La noche del 31 de diciembre de 1919, Estados Unidos duplicó sus alegrías y sus tristezas. No hubo yanki cabal que no decidiera pimplarse el whisky a tragos de elefante. Los padres más respetables bebieron hasta el éxtasis. Los padres de los padres brindaron por las fiestas vividas. Y unos y otros animaron a sus niños a probar una perdición que, a partir del siguiente rayo de Sol, estaría penada por ley.
Unos meses después, los chicos de las barras y las estrellas, deseosos de un mísero sorbo de tequila, empezaron a frecuentar garitos de mala muerte, callejones oscuros y barriles mentirosos de contenidos alegres. Un jovenzuelo con ansias de poder se percató de la oportunidad: “Mi país quiere a alguien como yo. A alguien que se juegue la vida por ellos para que un camarero clandestino les ponga una copa ‘on the rocks’ como Dios y Benjamin Franklin mandan”. Así fue como el tipo, Al Capone, se convirtió en toda una inspiración para el resto de generaciones venideras de la patria de los Beach Boys: “Adáptate a los cambios y hallarás fortuna” (sí, bueno, luego está todo el lío ese de Elliot Ness y la infinidad de asesinatos que los hombres de Capone cometieron por todo el territorio, pero eran otros tiempos. Minucias que no deben estropear la enseñanza).
Con todos los respetos, creo que la señora Sinde y su equipo de creativos están liando la marrana. Sin ánimo de mezclar churras con merinas, el cierre de páginas webs es parecido a la Ley Seca.
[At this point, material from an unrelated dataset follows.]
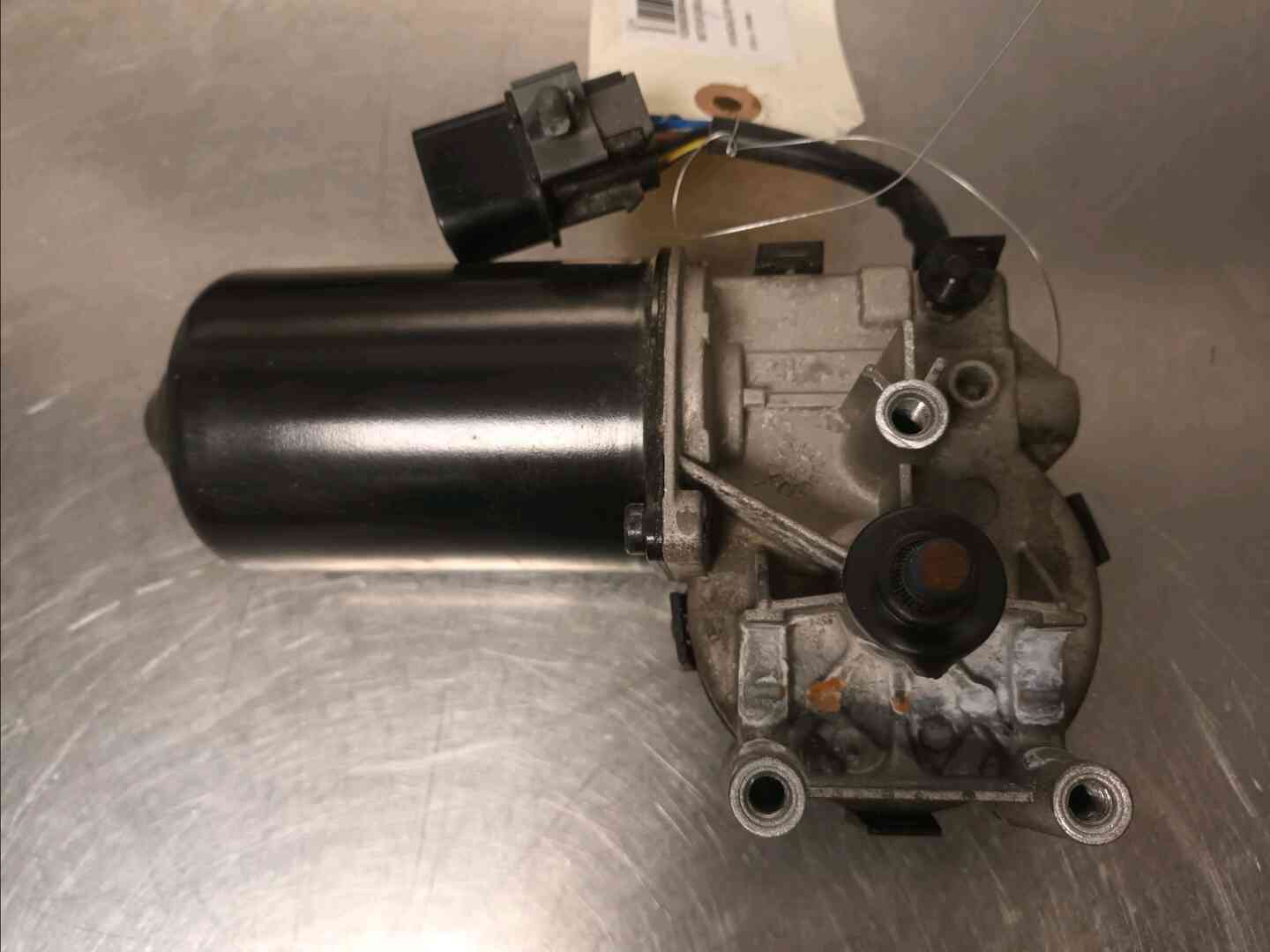 Moteur essuie-glace avant — HYUNDAI — IX35 — OE 981102S000 — occasion garantie 2 ans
El problema con el alcohol, al igual que con la piratería, los derechos de autor o la extracción compulsiva de mocos, es la educación. Enseñar a valorar, a compartir, a respetar y a no abusar. Y no enseñar que si algo no te gusta lo quitas de en medio pasándote los derechos civiles por el forro de los pantalones.
Y, perdonen que les diga otra vez, si todo esto es para proteger al cine español -entre otras cosas-, desengáñense: las películas patrias no sacan pasta porque no interesan, porque no se venden bien o porque, una vez más, no nos han enseñado a amarlas. Qué más quisieran los fieles de Sinde que el cine español fuera tan buscado y descargado como el hollywoodiense. Sería una maravillosa señal de éxito.
No propongo que nos matemos a tiros en carreteras poco transitadas ni que recuperemos las tradiciones gangster. Pero sí lanzo el reto: ¿Y si la industria se levanta de su cómodo sillón y se adapta a los cambios? Otras empresas lo hacen. Más que nada porque no tienen otro remedio.